The transistor went bad first and shorted to ground which caused the flipper to energize and blow the fuse. Transistors just go bad sometimes. Probably nothing you did.

#3 7 years ago
Quoted from schudel5:

The transistor went bad first and shorted to ground which caused the flipper to energize and blow the fuse. Transistors just go bad sometimes. Probably nothing you did.

No, transistors rarely just go bad....usually there is a reason for this (stuck switch, broken coil diode, etc..)

"Check the flipper coil diode. If the flipper coil diode is broken or shorted on, the flipper coil will stay energized after using it. Replace this diode with a new 1N4004 or 1N4007 diode. The counter EMF (Electro-Motive Force) produced by the magnetic field in the coil collapsing is a reverse polarity voltage. This reverse polarity voltage can cause damage to the flipper board.
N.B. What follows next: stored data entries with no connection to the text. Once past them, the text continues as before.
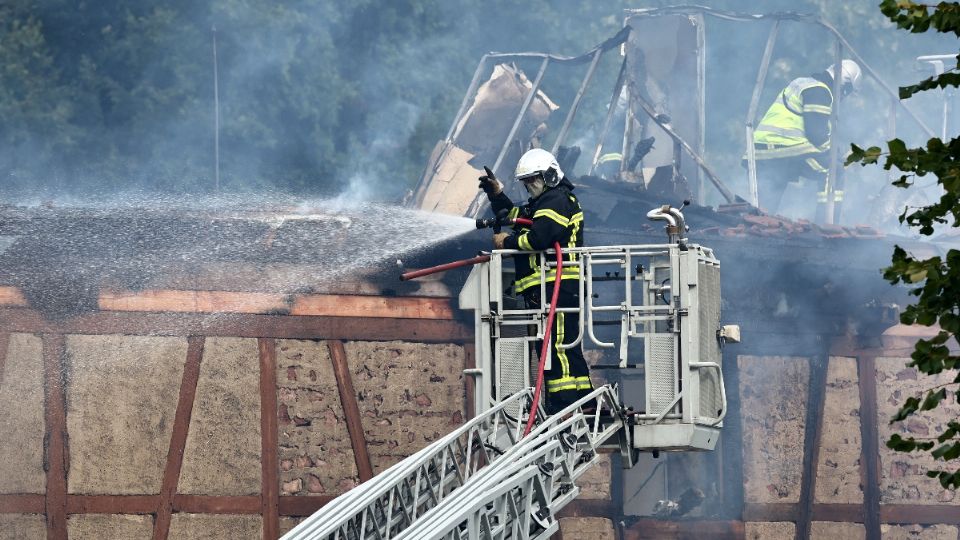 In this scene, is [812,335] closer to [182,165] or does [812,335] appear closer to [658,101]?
[658,101]

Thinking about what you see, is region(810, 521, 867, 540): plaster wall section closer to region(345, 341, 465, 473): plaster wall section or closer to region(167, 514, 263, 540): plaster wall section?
region(345, 341, 465, 473): plaster wall section

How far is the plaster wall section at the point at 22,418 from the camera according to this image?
1173 centimetres

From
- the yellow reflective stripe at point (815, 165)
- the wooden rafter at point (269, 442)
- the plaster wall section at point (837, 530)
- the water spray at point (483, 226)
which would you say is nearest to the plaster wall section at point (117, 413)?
the wooden rafter at point (269, 442)

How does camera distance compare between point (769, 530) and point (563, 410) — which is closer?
point (563, 410)

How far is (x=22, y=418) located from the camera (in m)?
11.8

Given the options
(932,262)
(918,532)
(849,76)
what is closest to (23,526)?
A: (918,532)

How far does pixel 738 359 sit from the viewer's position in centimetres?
1400

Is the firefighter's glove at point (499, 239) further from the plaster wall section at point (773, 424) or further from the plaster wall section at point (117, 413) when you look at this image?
the plaster wall section at point (773, 424)

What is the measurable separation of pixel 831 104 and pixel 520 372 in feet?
29.8

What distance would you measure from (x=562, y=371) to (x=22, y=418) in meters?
4.97

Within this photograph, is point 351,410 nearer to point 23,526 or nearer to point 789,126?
point 23,526

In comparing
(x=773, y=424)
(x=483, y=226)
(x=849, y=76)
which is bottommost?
(x=773, y=424)

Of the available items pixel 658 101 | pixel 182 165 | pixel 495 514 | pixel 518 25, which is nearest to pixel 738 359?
pixel 658 101

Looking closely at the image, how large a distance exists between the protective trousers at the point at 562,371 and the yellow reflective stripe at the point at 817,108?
28.4 feet
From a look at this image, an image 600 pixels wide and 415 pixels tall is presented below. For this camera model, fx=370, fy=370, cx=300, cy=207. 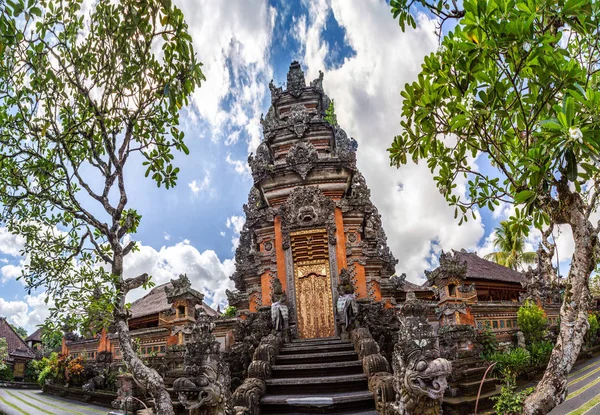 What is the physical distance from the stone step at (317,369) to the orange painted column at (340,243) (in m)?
3.17

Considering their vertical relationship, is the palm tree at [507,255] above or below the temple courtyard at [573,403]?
above

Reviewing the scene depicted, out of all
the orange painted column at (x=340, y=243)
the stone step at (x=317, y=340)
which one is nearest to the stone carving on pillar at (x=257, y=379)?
the stone step at (x=317, y=340)

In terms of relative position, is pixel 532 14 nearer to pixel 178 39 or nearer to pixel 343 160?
pixel 178 39

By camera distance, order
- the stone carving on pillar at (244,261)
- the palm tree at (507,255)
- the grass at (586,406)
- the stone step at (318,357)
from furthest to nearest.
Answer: the palm tree at (507,255) < the stone carving on pillar at (244,261) < the stone step at (318,357) < the grass at (586,406)

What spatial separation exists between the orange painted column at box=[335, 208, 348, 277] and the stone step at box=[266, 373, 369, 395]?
3646 mm

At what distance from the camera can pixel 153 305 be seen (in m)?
19.0

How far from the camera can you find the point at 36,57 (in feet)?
14.6

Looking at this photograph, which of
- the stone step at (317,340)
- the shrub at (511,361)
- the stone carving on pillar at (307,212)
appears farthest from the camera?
the stone carving on pillar at (307,212)

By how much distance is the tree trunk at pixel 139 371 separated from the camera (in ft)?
13.0

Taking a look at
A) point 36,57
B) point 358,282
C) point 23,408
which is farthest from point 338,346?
point 23,408

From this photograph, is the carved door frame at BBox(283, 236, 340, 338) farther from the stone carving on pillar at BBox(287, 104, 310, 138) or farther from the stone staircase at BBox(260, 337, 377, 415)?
the stone carving on pillar at BBox(287, 104, 310, 138)

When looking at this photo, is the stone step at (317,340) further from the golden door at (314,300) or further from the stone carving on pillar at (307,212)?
the stone carving on pillar at (307,212)

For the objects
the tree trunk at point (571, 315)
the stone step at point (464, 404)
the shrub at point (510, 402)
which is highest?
the tree trunk at point (571, 315)

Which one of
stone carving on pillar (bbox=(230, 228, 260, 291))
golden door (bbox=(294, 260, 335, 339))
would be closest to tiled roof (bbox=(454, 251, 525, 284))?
stone carving on pillar (bbox=(230, 228, 260, 291))
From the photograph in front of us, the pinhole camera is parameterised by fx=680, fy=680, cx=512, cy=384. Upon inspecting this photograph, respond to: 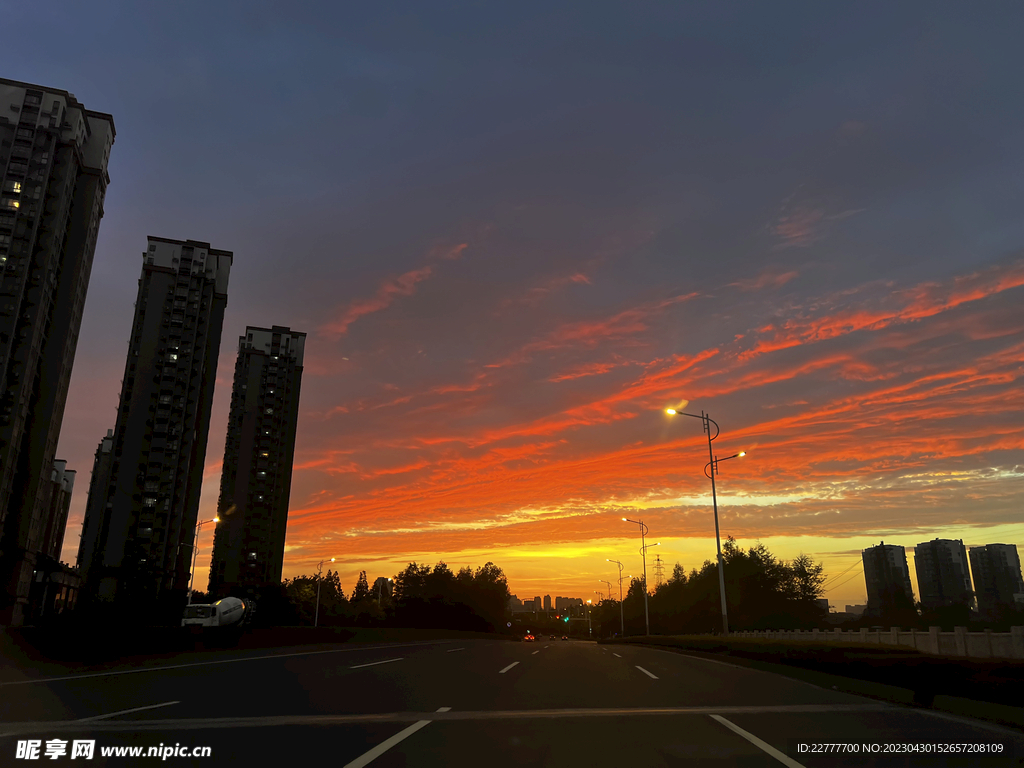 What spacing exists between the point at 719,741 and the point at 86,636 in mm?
21835

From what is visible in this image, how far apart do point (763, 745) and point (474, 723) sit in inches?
157

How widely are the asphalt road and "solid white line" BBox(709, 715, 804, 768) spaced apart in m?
0.04

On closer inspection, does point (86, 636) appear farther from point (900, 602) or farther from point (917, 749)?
point (900, 602)

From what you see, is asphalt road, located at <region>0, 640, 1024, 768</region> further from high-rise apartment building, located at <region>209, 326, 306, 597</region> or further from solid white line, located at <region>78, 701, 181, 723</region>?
high-rise apartment building, located at <region>209, 326, 306, 597</region>

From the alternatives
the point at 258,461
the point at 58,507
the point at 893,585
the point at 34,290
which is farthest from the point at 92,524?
the point at 893,585

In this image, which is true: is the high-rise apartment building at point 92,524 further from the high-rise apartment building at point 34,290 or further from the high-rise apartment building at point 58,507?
the high-rise apartment building at point 58,507

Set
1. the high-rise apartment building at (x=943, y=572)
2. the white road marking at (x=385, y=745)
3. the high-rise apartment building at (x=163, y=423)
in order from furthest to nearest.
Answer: the high-rise apartment building at (x=943, y=572) → the high-rise apartment building at (x=163, y=423) → the white road marking at (x=385, y=745)

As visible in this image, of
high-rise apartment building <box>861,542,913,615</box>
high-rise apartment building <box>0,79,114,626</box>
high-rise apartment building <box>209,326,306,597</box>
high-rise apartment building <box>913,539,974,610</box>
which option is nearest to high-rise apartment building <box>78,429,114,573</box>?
high-rise apartment building <box>209,326,306,597</box>

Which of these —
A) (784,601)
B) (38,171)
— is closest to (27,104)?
(38,171)

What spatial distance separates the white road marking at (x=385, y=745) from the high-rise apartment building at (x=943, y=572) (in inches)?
8019

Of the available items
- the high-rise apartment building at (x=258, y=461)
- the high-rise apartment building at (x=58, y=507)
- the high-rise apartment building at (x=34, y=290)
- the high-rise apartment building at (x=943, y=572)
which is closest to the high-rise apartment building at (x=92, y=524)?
the high-rise apartment building at (x=258, y=461)

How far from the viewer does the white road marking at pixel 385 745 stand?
7172 mm

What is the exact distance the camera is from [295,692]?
13492 mm

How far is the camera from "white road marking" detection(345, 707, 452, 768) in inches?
282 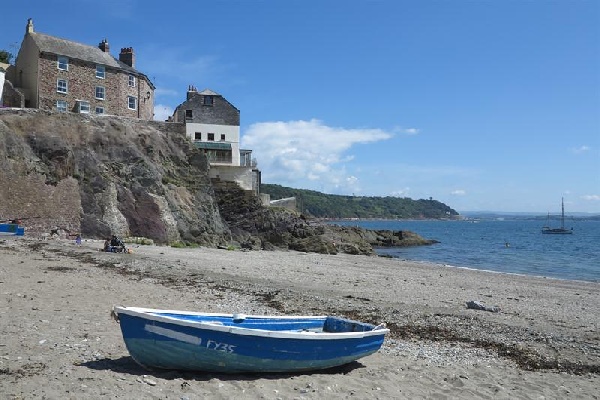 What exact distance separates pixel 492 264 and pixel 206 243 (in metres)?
26.1

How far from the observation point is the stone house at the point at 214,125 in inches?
2095

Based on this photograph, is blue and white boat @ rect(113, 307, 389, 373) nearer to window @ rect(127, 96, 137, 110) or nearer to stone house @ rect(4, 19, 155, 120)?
stone house @ rect(4, 19, 155, 120)

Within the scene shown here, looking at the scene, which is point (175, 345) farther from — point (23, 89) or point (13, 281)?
point (23, 89)

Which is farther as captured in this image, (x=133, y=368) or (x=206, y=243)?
(x=206, y=243)

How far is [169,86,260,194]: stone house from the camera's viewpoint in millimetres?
53219

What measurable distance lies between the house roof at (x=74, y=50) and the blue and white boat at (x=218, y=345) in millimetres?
42633

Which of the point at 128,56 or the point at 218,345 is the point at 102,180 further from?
the point at 218,345

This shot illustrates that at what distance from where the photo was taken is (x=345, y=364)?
9328 millimetres

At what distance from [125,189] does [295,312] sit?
27.3 m

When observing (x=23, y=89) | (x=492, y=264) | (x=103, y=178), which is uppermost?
(x=23, y=89)

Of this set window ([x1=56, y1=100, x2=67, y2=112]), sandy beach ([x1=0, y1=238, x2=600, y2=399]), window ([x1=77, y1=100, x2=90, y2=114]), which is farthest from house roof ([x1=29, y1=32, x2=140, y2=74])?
sandy beach ([x1=0, y1=238, x2=600, y2=399])

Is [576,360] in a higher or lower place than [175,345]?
lower

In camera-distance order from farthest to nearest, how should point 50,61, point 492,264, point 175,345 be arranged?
point 492,264 < point 50,61 < point 175,345

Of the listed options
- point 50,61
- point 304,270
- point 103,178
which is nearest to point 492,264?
point 304,270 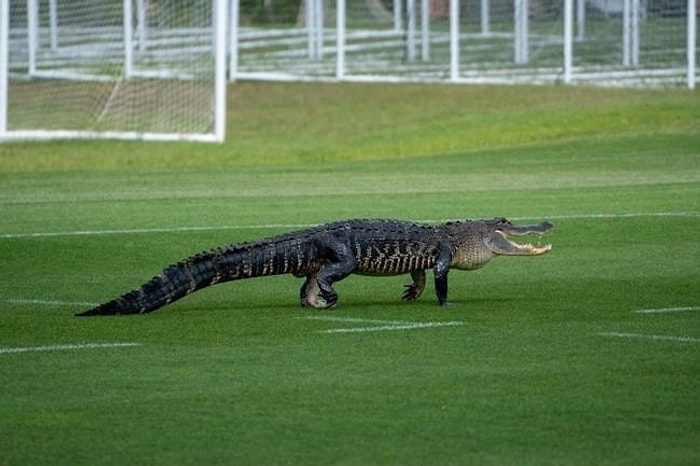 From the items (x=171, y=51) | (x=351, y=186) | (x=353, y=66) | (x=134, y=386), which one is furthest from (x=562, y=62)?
(x=134, y=386)

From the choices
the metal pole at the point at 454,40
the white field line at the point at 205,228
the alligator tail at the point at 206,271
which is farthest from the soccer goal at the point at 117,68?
the alligator tail at the point at 206,271

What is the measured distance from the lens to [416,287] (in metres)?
12.3

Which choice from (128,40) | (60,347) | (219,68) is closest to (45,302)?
(60,347)

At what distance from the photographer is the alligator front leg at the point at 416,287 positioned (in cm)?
1230

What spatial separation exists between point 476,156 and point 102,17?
899 centimetres

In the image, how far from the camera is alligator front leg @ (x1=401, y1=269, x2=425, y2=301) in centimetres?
1230

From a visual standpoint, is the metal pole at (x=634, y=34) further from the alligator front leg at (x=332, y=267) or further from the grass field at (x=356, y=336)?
the alligator front leg at (x=332, y=267)

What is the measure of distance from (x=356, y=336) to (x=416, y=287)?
1.79 meters

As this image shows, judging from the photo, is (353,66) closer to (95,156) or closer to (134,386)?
(95,156)

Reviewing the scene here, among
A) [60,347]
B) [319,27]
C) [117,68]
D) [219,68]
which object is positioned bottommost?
[60,347]

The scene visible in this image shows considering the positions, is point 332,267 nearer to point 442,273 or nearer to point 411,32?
point 442,273

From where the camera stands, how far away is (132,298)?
1158 cm

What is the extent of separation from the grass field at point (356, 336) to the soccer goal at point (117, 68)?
6091 mm

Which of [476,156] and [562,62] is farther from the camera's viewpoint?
[562,62] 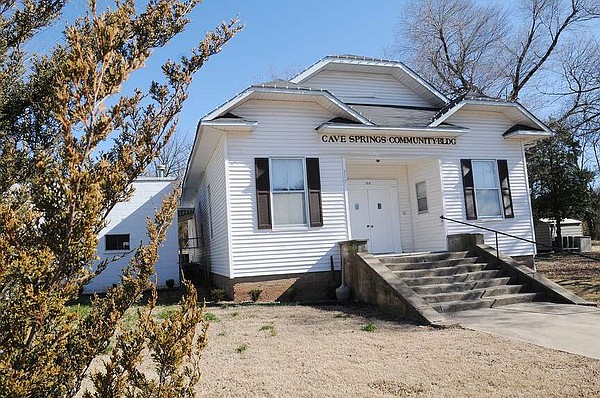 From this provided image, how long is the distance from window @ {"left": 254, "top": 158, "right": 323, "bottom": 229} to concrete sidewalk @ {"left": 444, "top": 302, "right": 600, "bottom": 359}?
14.8 feet

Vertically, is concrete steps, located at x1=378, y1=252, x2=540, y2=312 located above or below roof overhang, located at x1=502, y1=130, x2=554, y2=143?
below

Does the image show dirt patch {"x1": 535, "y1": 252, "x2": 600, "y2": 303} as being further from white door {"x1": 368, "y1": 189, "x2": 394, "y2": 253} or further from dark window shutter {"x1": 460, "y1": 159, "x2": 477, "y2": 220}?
white door {"x1": 368, "y1": 189, "x2": 394, "y2": 253}

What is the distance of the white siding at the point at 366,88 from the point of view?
46.8 feet

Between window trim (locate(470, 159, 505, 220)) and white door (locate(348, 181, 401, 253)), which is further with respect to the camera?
white door (locate(348, 181, 401, 253))

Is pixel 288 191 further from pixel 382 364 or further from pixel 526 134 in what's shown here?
pixel 526 134

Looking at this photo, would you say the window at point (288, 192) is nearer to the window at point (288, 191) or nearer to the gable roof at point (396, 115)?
the window at point (288, 191)

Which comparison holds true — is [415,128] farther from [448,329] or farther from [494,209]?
[448,329]

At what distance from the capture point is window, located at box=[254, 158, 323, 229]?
1165 centimetres

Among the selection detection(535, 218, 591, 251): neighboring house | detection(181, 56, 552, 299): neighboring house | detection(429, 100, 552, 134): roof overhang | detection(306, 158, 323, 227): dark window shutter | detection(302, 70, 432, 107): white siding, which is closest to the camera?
detection(181, 56, 552, 299): neighboring house

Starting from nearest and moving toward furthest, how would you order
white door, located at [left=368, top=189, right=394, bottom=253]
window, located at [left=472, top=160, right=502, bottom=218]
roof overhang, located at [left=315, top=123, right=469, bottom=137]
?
roof overhang, located at [left=315, top=123, right=469, bottom=137] < window, located at [left=472, top=160, right=502, bottom=218] < white door, located at [left=368, top=189, right=394, bottom=253]

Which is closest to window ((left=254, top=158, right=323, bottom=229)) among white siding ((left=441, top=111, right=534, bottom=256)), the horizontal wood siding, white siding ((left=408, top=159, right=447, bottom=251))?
the horizontal wood siding

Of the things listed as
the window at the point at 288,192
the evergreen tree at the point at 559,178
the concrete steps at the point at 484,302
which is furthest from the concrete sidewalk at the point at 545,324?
the evergreen tree at the point at 559,178

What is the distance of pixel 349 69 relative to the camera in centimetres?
1442

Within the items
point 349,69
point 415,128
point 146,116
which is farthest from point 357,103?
point 146,116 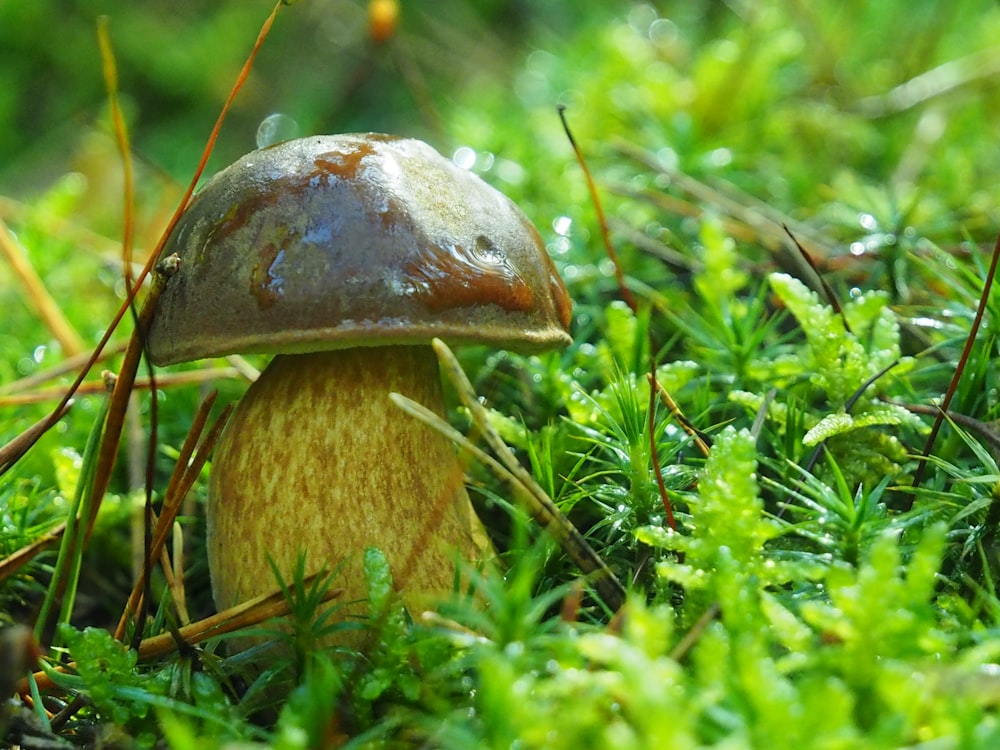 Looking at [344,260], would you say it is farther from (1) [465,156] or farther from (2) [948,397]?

In most cases, it will gate the SCR (Silicon Controlled Rectifier) in the holding voltage circuit, causing the flipper to remain energized as if the player was holding the cabinet flipper button in. This was mentioned in service bulletin number 58"

#4 7 years ago
Quoted from wayout440:

No, transistors rarely just go bad....usually there is a reason for this (stuck switch, broken coil diode, etc..)
"Check the flipper coil diode. If the flipper coil diode is broken or shorted on, the flipper coil will stay energized after using it. Replace this diode with a new 1N4004 or 1N4007 diode. The counter EMF (Electro-Motive Force) produced by the magnetic field in the coil collapsing is a reverse polarity voltage. This reverse polarity voltage can cause damage to the flipper board. In most cases, it will gate the SCR (Silicon Controlled Rectifier) in the holding voltage circuit, causing the flipper to remain energized as if the player was holding the cabinet flipper button in. This was mentioned in service bulletin number 58"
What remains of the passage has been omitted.